• [Task to carry out]
Transcribe nothing except the lines below that run from the one with "The next change" to the one with "With Coumadin, yes, you", ends included, and do not copy any picture.

══════════

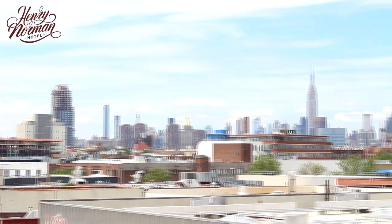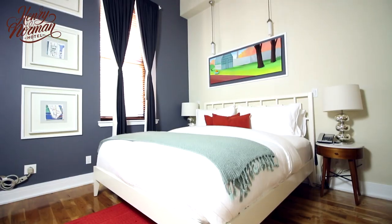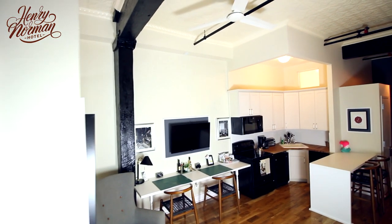Appreciate life in Greenpoint, Brooklyn while also being minutes away from Manhattan. All rooms include complimentary Wi-Fi, mini fridges, coffee makers, original local artwork, and flat screen TVs.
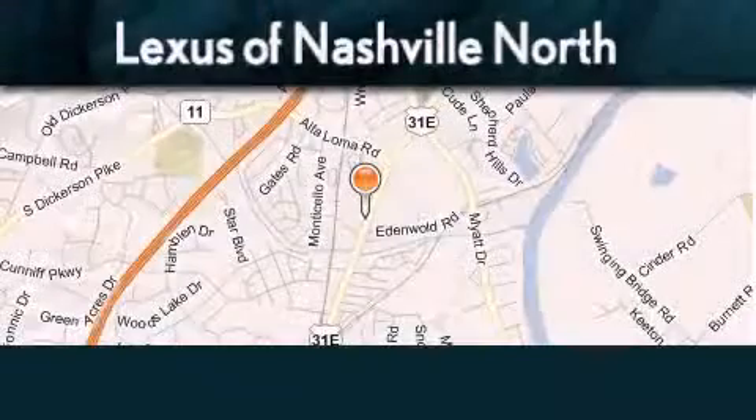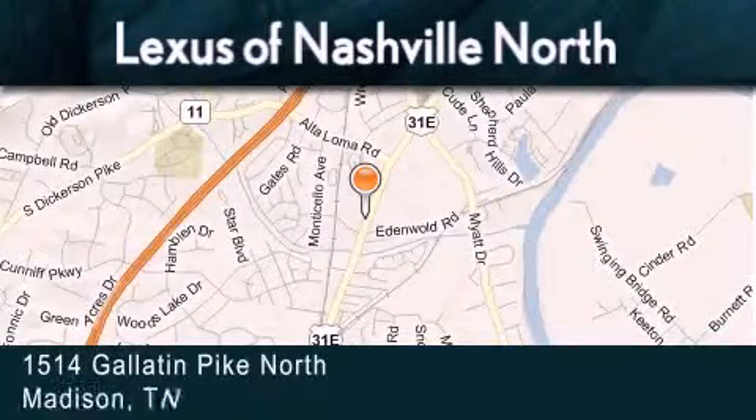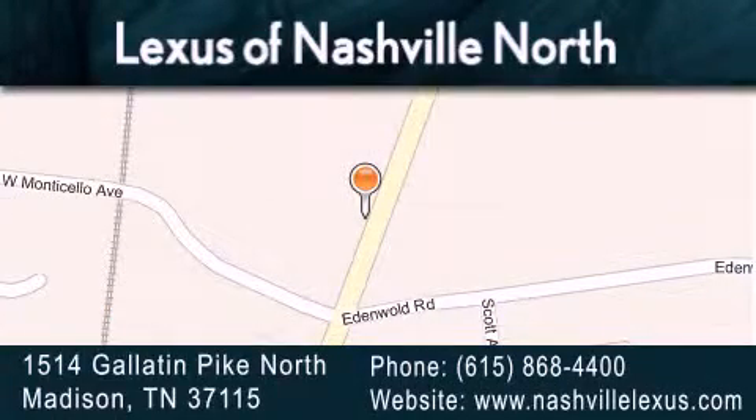Lexus of Nashville North Rivergate is located at 1514 Gallatin Pike North in Madison. Our goal is to exceed all of your expectations to ensure that you'll return for future visits.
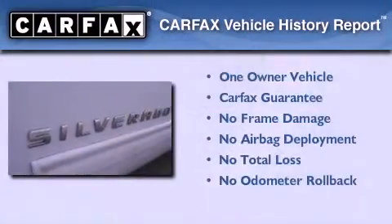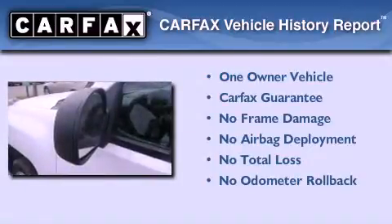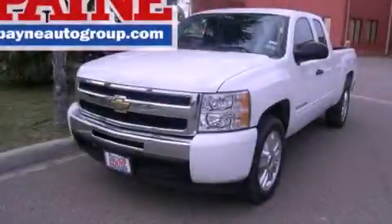This Chevrolet has had only one owner and it qualifies for the Carfax buyback guarantee. Contact us today and schedule your opportunity to see this automobile in person.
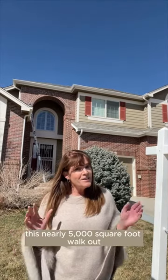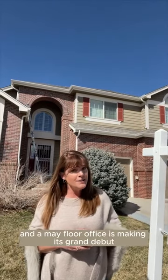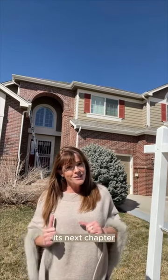Are you ready for a peek? This nearly 5,000 square foot walkout with four bedrooms, four bathrooms, and a main floor office is making its grand debut on the market next week. Showings start Friday, March 15th. So let's help our neighbors find this home its next chapter.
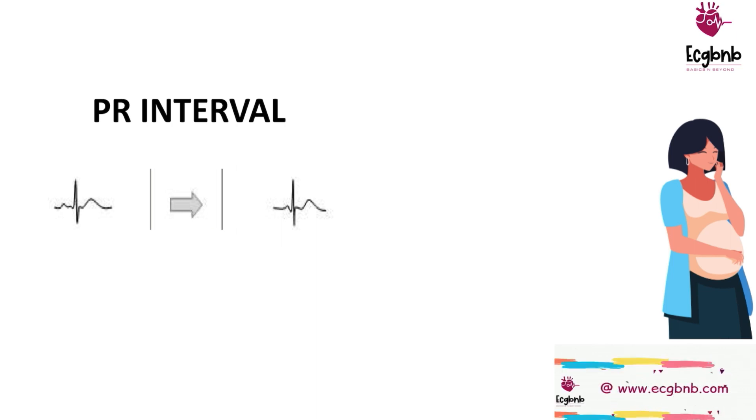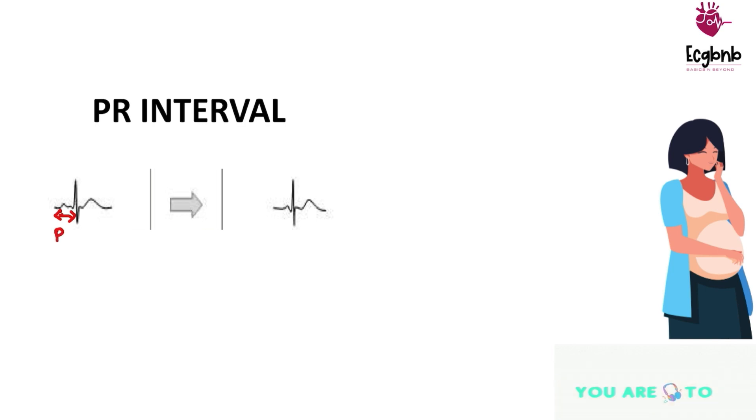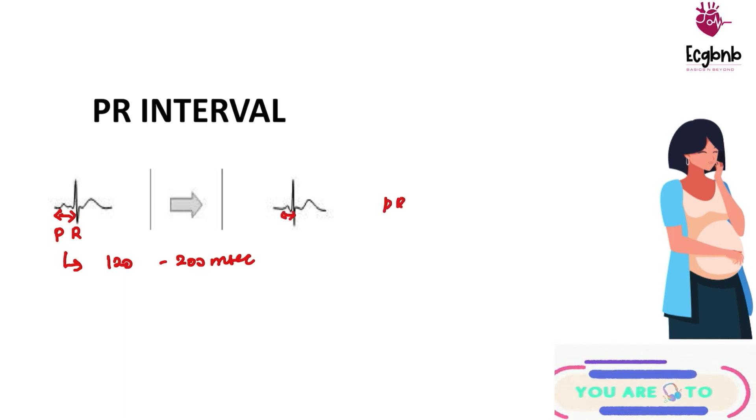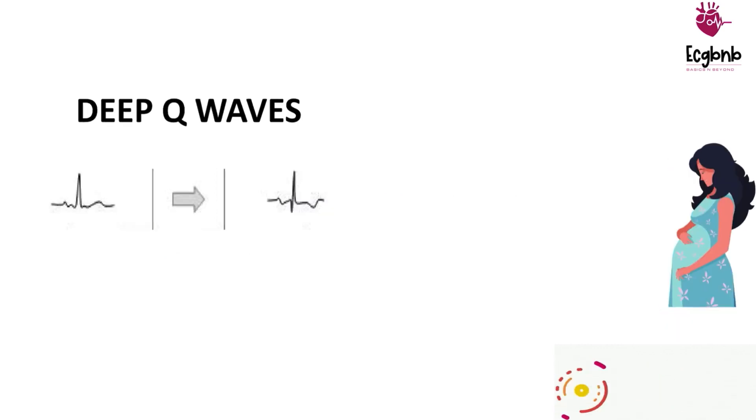The next change is the PR interval. We all know that PR interval gets shortened during tachycardia. The PR interval starts from the beginning of the P wave to the beginning of the QRS complex — or the R wave if there is no Q wave — which is normally between 120 to 200 ms. This gets shortened in pregnancy, meaning the PR interval can come below 120 ms. So the second change is shortening of the PR interval.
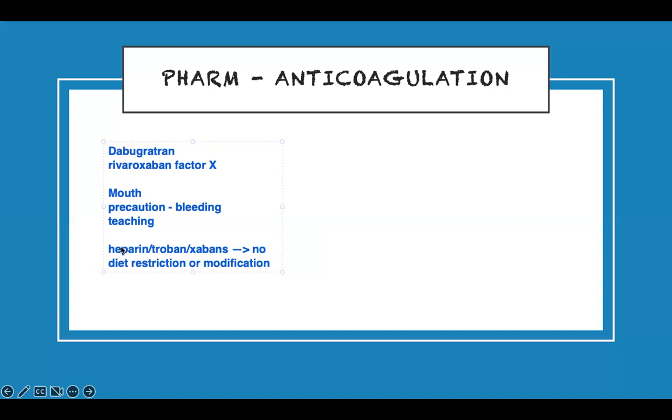With Coumadin, yes, you discuss diet — but you tell the patient to stay consistent. Those are the key concepts they may use to trick you on the exam.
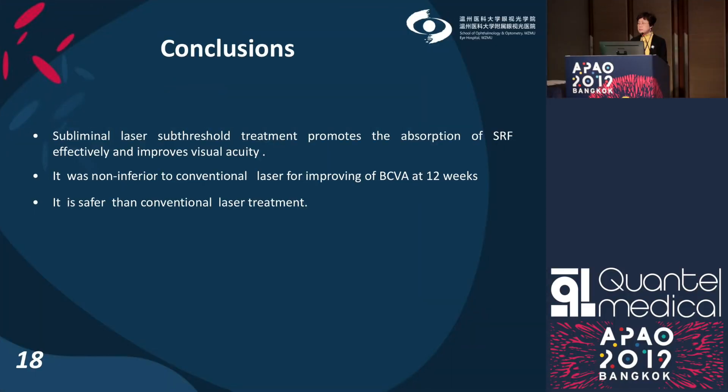In conclusion, subliminal sub-threshold laser treatment promotes the absorption of subretinal fluid effectively and improves visual acuity. It was non-inferior to conventional laser for improving visual acuity at week 12, and it is safer than conventional laser treatment. Thank you for your attention.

══════════

• [Answer area]
The next change is the PR interval. We all know that PR interval gets shortened during tachycardia. The PR interval starts from the beginning of the P wave to the beginning of the QRS complex — or the R wave if there is no Q wave — which is normally between 120 to 200 ms. This gets shortened in pregnancy, meaning the PR interval can come below 120 ms. So the second change is shortening of the PR interval.
With Coumadin, yes, you discuss diet — but you tell the patient to stay consistent. Those are the key concepts they may use to trick you on the exam.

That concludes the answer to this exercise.